▶ _Prompt_: Your output should be the lines from the one containing "Wall Mural - Portrait" through the last line below, both ends included, exactly as written and free of pictures.

Dataset content Block Start

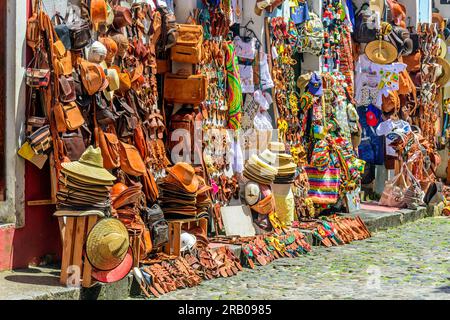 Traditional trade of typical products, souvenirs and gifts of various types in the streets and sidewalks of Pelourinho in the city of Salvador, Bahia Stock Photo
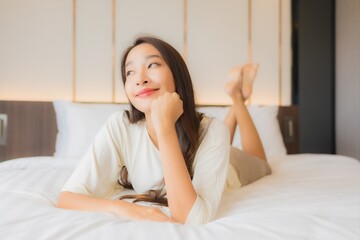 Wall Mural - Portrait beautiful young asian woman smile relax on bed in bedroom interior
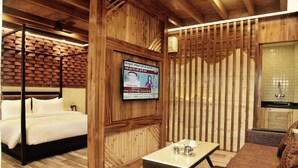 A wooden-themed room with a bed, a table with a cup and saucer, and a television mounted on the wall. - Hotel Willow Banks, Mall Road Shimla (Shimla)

Dataset content Block End

▶ _Response for this exercise_:
 Wall Mural - Portrait beautiful young asian woman smile relax on bed in bedroom interior
 A wooden-themed room with a bed, a table with a cup and saucer, and a television mounted on the wall. - Hotel Willow Banks, Mall Road Shimla (Shimla)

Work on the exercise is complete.